The National Council for Voluntary Organisations does a good job of why the policy is unjust and likely to be counter-productive. It is ‘tantamount to making charities take a vow of silence,’ says CEO Stuart Etherington.
Not true, says Hancock. Government is merely ‘standing up for value for money’ and protecting the public purse. Taxpayers shouldn’t be made to foot the bill for charity lobbying, he says. It’s just a ‘common sense’, anti-waste measure.
A quick examination of the source of the policy – the impetus behind it – suggests otherwise.
The government’s press release begins by citing research by the free market think tank, the Institute of Economic Affairs (IEA) into ‘so-called sock puppets’. The 2012 report by the IEA’s Christopher Snowdon, Sock Puppets: How the government lobbies itself and why argues that, when government finances the lobbying of itself, it is subverting democracy.
Government funding creates ‘sock puppet’ versions of civil society’, the report suggests, which ‘give the illusion of grassroots support for new legislation’ where there may be none. ‘State-funded charities and NGOs usually campaign for causes which do not enjoy widespread support amongst the general public,’ claims Snowdon.
Which charities and NGOs could he be referring to? Top of his list are likely to be public health advocates that lobby the government to take action on junk food advertising, smoking, and alcohol.
In Snowdon’s mind, the state-funding of such campaigners is anti-democratic. It skews the pitch.
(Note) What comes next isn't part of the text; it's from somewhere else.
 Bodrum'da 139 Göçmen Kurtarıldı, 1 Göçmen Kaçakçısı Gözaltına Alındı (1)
It also disadvantages those that lobby for the opposite... like Snowdon.
Snowdon runs something called the ‘Lifestyle Economics’ unit at the IEA. It is in the business of defending industries that face government action to curb the harm caused by their products. The ‘increasing focus by the government and general public on the issues surrounding alcohol, tobacco, gambling, sugar, fat and soft drinks, has made the formation of the unit timely and necessary’, it says.
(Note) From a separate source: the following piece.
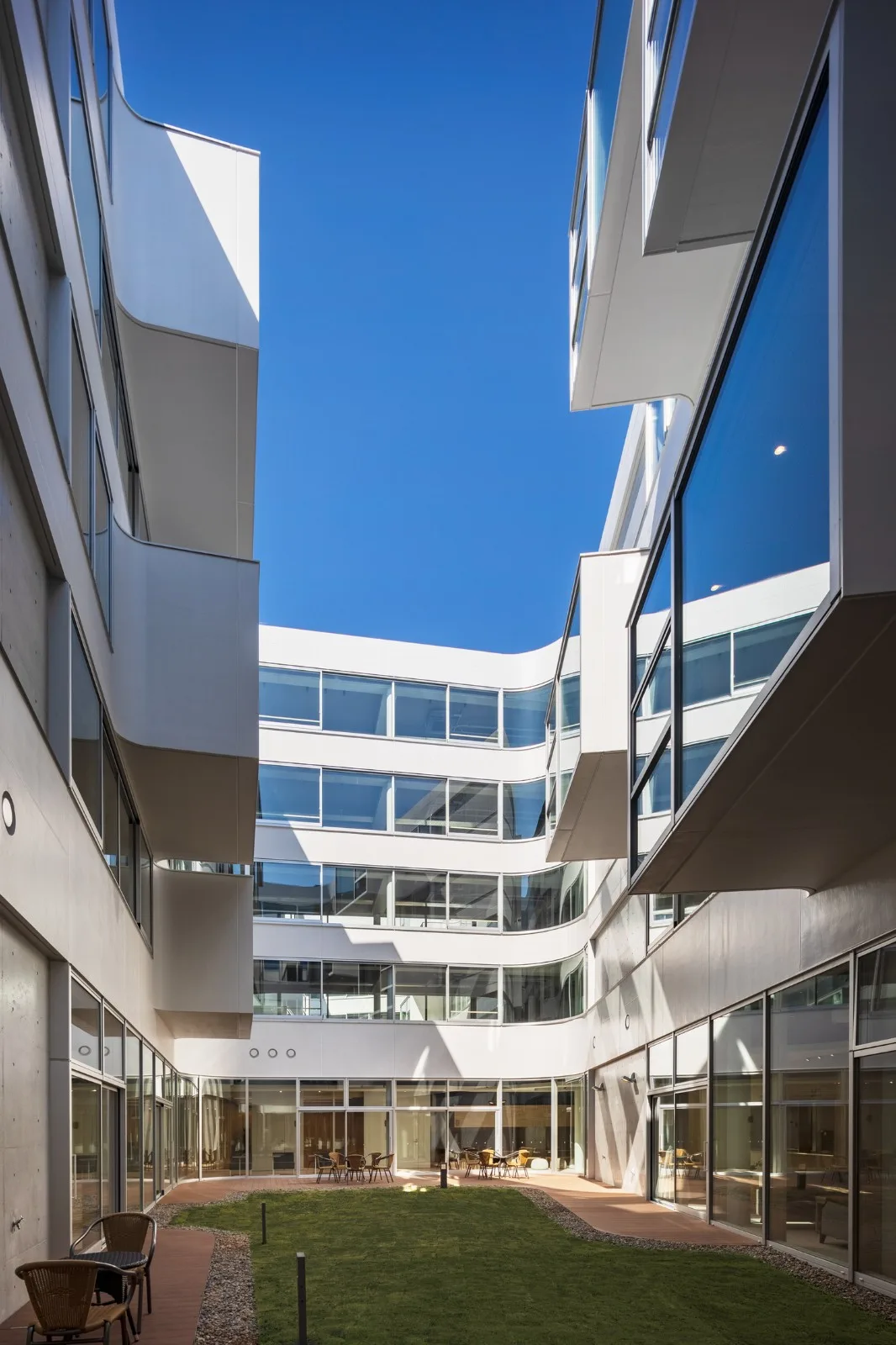 BIM Architecture | Oriental University Ai Fourth Building Center/Ishimoto Architectural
Who funds this work is anyone’s guess. The IEA refuses to disclose who bank-rolls it. It does, however, have a history of close collaboration with the tobacco industry. Weknow, for example, that just one tobacco giant, BAT, has given the IEA over £70,000 since 2011. We know this not from the IEA, but because the tobacco giant gave in to pressure and released the figures.
Snowdon is a long-term pro-smoking activist. He is author of Velvet Fist, Iron Glove: A History of Anti-Smoking, and a prominent supporter of Forest, the pro-smoking lobby group: he was a speaker at Forest’s 2012 Conservative Party Conference fringe event.
Snowdon doesn’t like public health advocates. ‘Gobshite’, ‘deranged’ and a ‘clueless clown’ is how he described Stan Glantz, the US public health professor who has probably done more than anyone to expose the tobacco industry’s deceptive lobbying campaigns. Linda Bauld, a UK public health professor and a leading expert on smoking, who served as the UK government’s scientific adviser on tobacco control is, according to Snowdon, a fantasist who promotes voodoo science. He has called Simon Chapman, a public health professor at the University of Sydney, with over 400 peer-reviewed articles and seventeen books to his name, a ‘scrotum-faced head-banger’.
The government’s latest attempt to silence charities should be seen in this context. Snowdon and the IEA don’t like public health charities, or the public health measures they lobby for. They like even less the fact that public health charities receive public funding.
Health select committee chair and Tory MP Sarah Wollaston tweeted at the weekend that ending charities’ ability to lobby ministers would have “serious consequences” for public health. The “balance (is) already distorted in favour of industry,” she wrote.
Which is just how Snowdon, the IEA and its industry backers like it.